It is easy to pour well-merited scorn on the nations of Europe, and on France in particular, for their timidity in implementing United Nations Security Council Resolution 1701 — a resolution that they, and France again in particular, pushed for and voted for. But why bother? The hypocrisy of Europe in refusing to put, as they say, its money where its mouth is, is notorious. So now it’s happened once more.

And indeed if the point were merely once more to excoriate the Europeans, the exercise could be skipped as unnecessary. Unfortunately, however, there’s more to it than that. For the real point is not Europe, it’s Israel. Or rather, it’s Israel’s ability to trust international agreements in which it, its security, and its future are involved.

Take 1701. In Paragraph 8, it calls explicitly for “full implementation of … the disarmament of all armed groups in Lebanon, so that, pursuant to the Lebanese cabinet decision of July 27, 2006 there will be no weapons or authority in Lebanon other than that of the Lebanese state.” And in Paragraph 11 it calls upon a reinforced UNIFIL with 15,000 troops to “Assist the Lebanese armed forces in taking steps toward the establishment of the area as referred to in Paragraph 8.”

In plain language this means that the Lebanese government, with the full support of UNIFIL, will disarm Hezbollah everywhere in Lebanon — a commitment crucial to Israel and to its decision to accept the U.N.-brokered ceasefire.Yet hardly had the ink time to dry on 1701 when the Lebanese government announced that it had not the slightest intention of disarming Hezbollah anywhere, not even in the Lebanese south close to the Israeli border, and the countries of the European Community chimed in by letting everyone know that they had no intention of doing this, either. In short, Paragraph 8 was a deliberate hoax.

But 1701 is hardly a unique case in Israel’s dealings with the United Nations or the world. Although it is commonly held today that it is Israel that has regularly flouted U.N.resolutions (as in fact it sometimes has), what is ignored in making this accusation is that — and generally on far more fateful occasions — it is the United Nations that has regularly flouted its commitments to Israel. Here, for those with short memories, are a few examples:

* Security Council Resolution 181, passed in November 1947, which called for the partition of Palestine into a Jewish and an Arab Palestinian state. When the Jews accepted this resolution and the Arabs rejected it and invaded the newly declared state of Israel, neither the United Nations nor any of its members lifted a finger by calling for sanctions or punitive measures against the Arabs invaders, let alone for military measures in defense of the attacked party.

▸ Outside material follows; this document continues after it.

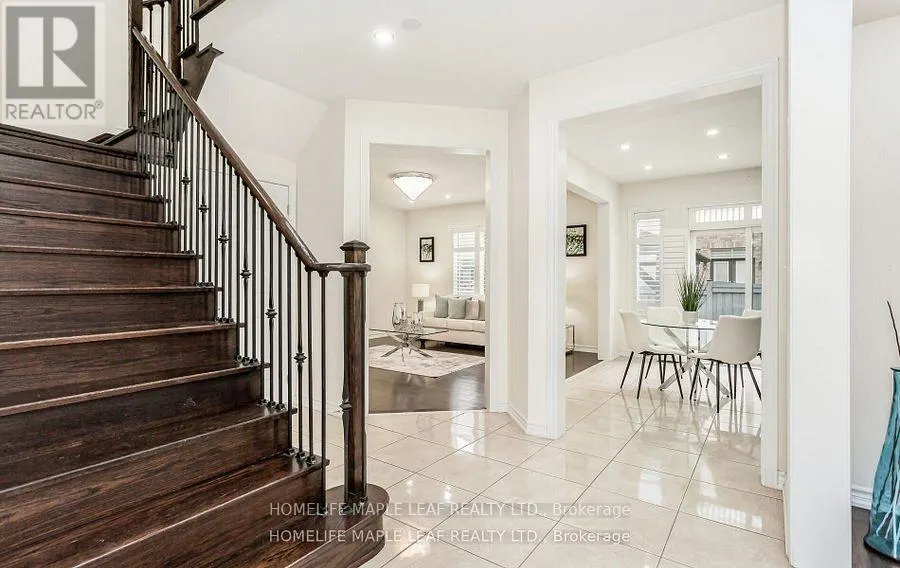 11 CLOVERHAVEN ROAD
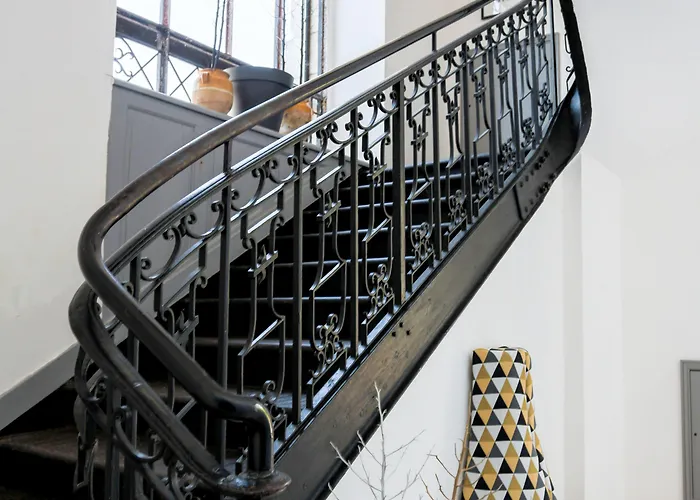 贝格城堡公寓 *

* General Assembly Resolution 1000, passed in November 1956, which called for a United Nations Emergency Force to be stationed in Sinai as part of the Israeli withdrawal from the area following its military conquest of it from Egypt. One of the functions of this force was to ensure that the pre-1956 Egyptian blockade of the Israeli port of Eilat was not re-imposed, and as U.N. secretary general, Dag Hammerskjold, later stated, it was clear to all that “by endorsing that resolution [Egypt] had consented to the presence of the U.N.E.F. for certain tasks [and the Egyptians] could thus not ask the U.N.E.F. to withdraw before the completion of the tasks without running up against their own acceptance of the resolution.” Yet when Egypt sent troops into Sinai in June 1967, announced the re-imposition of the blockade, and demanded that the United Nations force leave, the U.N. folded its tents and departed without a peep.

* Security Council Resolution 242, passed in November 1967. (What is it about November that attracts so many resolutions?) This resolution, after lengthy negotiation among its framers, called for the “withdrawal of Israeli armed forces from territories occupied in the recent conflict,” and as the U.S. ambassador to the United Nations, Arthur Goldberg, the British ambassador to the United Nations, Lord Caradon, and still others observed, the phrasing “from territories” rather than “from the territories” was explicitly meant to indicate that a total Israeli withdrawal was not demanded and that new frontiers would have to be negotiated. Two years later, however, U.S. secretary of state, William Rogers, reneged on this wording by announcing a plan that would require Israel to withdraw, apart from “insubstantial alterations,” all the way to its pre-1967 borders. The European countries unanimously backed the Rogers Plan.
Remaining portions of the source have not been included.